What’s in a name: Statistics vs Data Science

Whilst the Select team are very much missing working together in the office, there have been positives in the move to working more remotely. One of these is that many meetings and gatherings have moved online meaning that they are open to a wider pool of participants who many not normally have been able to attend in person. Last week one of our senior consultants, Jo, virtually joined a Royal Statistical Society (RSS) meeting hosted by the Glasgow local group discussing the differences between statistics and data science. Surprisingly, Jo wasn’t the furthest afield as one participant hailed from Perth, Australia!

The discipline of data science has boomed in the past decade along with increasing volumes of data that are being generated and stored. Those who have the skills to manipulate, analyse and visualise big data to gain insights are in demand. But a question that is asked repeatedly among statisticians, data scientists and others is whether statistics and data science truly are different? or whether, underneath the buzzwords of “machine learning” and “AI”, data science is a rebranding of statistics? This is not a new question; it has been the subject of many discussions, for example in one of our previous blogs, the media and other RSS events.

This meeting explored the differences and the commonalities of statistics and data science.

There are certainly a lot of techniques in common (for example classification and regression trees or clustering) and the two fields often have different names or terminology for the same techniques (for example Gaussian processing and kriging, hypothesis testing and A-B testing). Both roles also require good communication skills, programming skills and the ability to extract usable insights from data.
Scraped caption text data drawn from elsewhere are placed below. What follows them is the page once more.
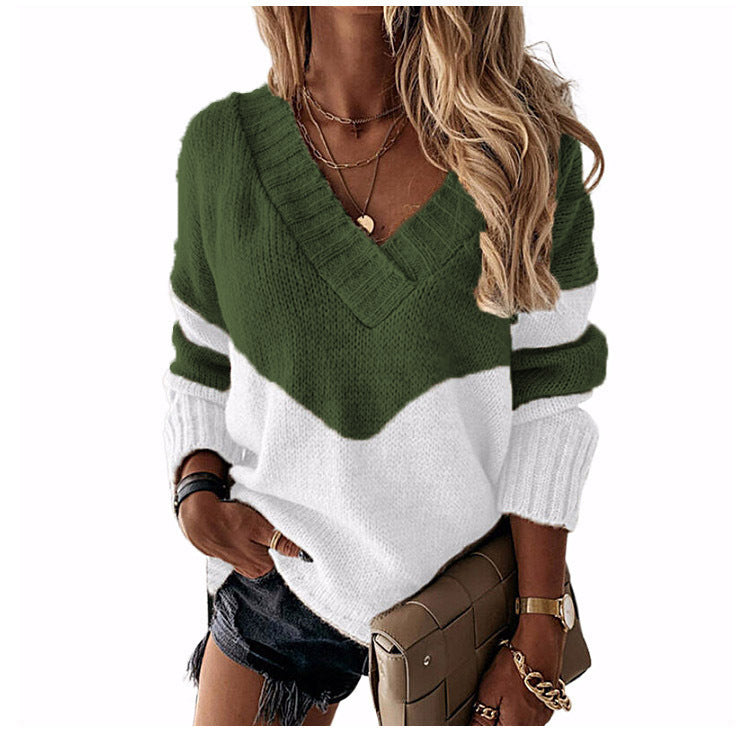 Damen nan V-Ausschnitt Strickpullover mit Chevron-Muster und Oversize-Schnitt Drune
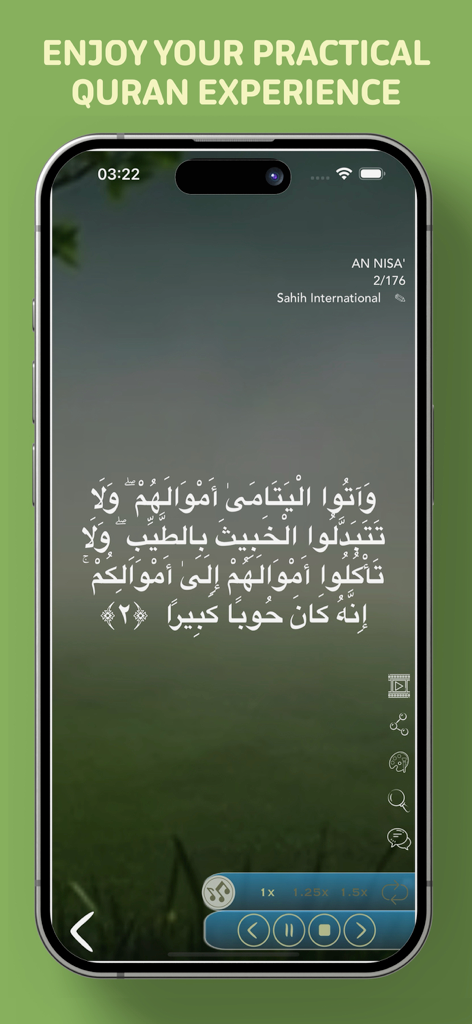 Offline Quran Audio Reader Pro - Interface of Offline Quran Audio Reader Pro showing an Arabic verse with audio playback controls on an iPhone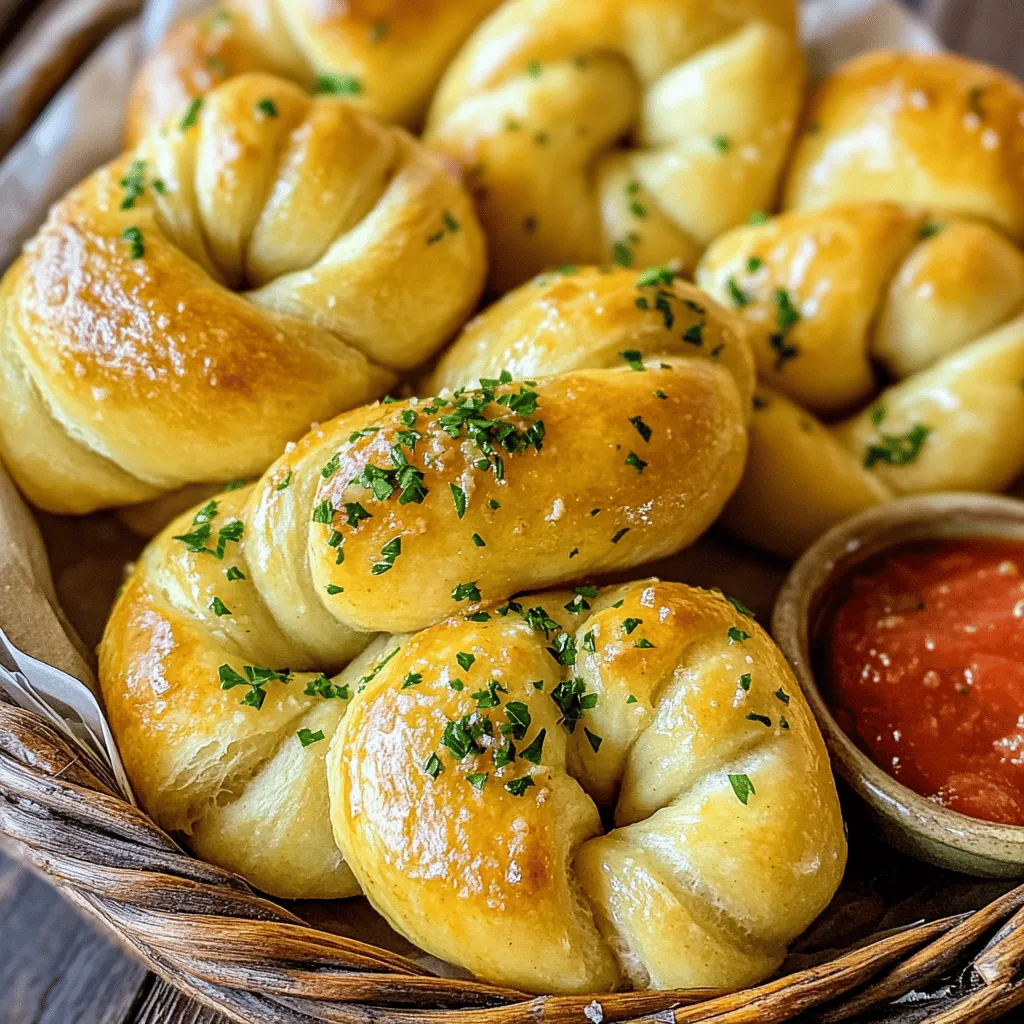 To make easy garlic knots, you need a few simple ingredients. The base of the dough includes all-purpose flour, instant yeast, salt, and sugar. For a great texture, we use 2 cups of flour. Instant yeast helps the dough rise quickly. You only need 1 teaspoon of it, along with 1 teaspoon of salt and 1 tablespoon of sugar.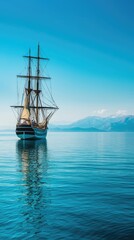 Serene Ship Sailing on Calm Waters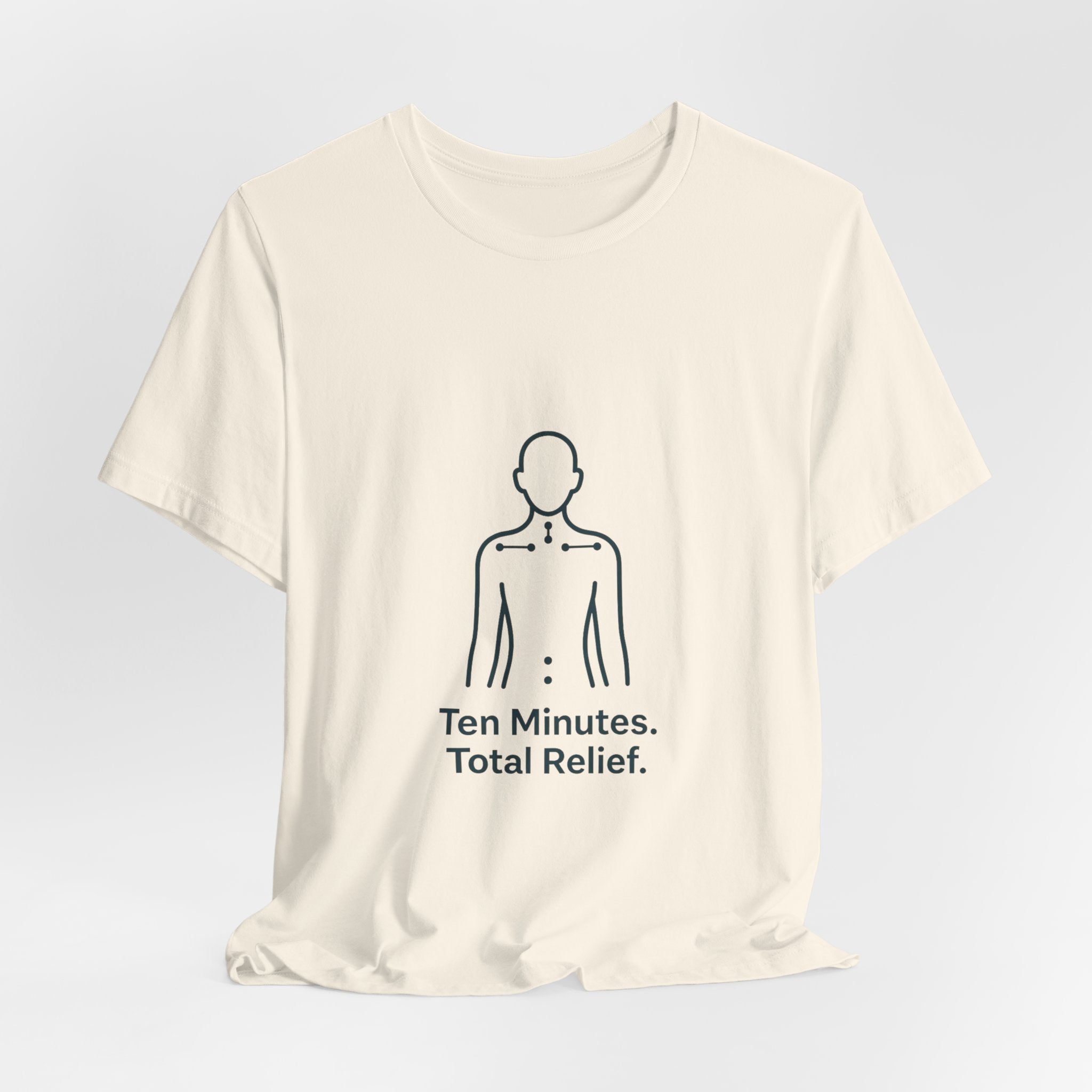 T‑Shirt — "Ten Minutes. Total Relief." Minimalist Acupressure Graphic Tee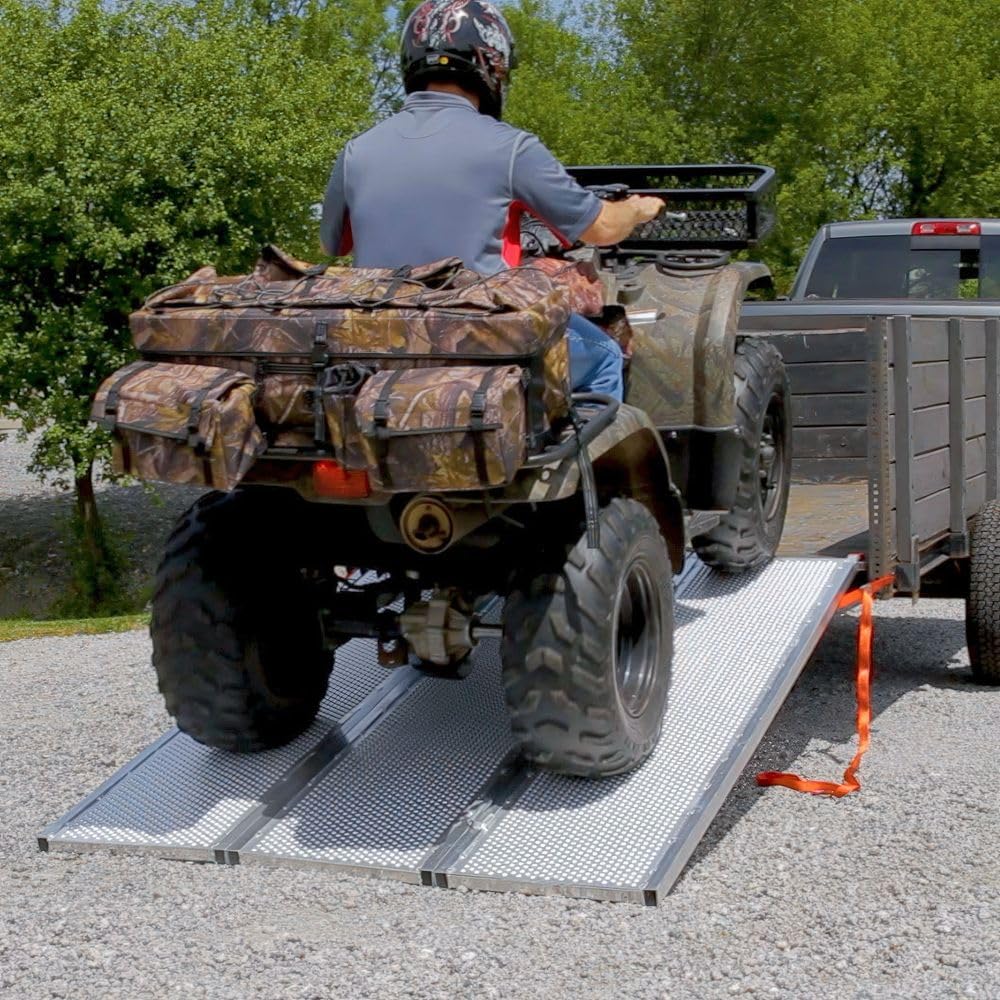Black Widow Extra Wide Punch Plate Aluminum Folding ATV Ramp, 1,500 Pound Capacity, 7' 10", Silver - Heavy Duty Truck Loading Ramp Accessories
Some subtle potential differences, or differences in emphasis were also discussed. While statisticians have programming skills, data scientists may use a wider range of programming languages. Statisticians are possibly seen as being more focussed on assumptions than data scientists. Many of the traditional statistical techniques are interpretable whereas the more modern machine learning techniques such as random forests or neural network are ‘black boxes’, producing predictions rather than interpretations. But all that said, the two disciplines have more in common than there are differences. Both focus on applying analytical techniques to solve Real World problems with data. And while data science is seen as new and fashionable, a lot of the machine learning techniques applied by data scientists are statistical and commonly applied by statisticians in their work.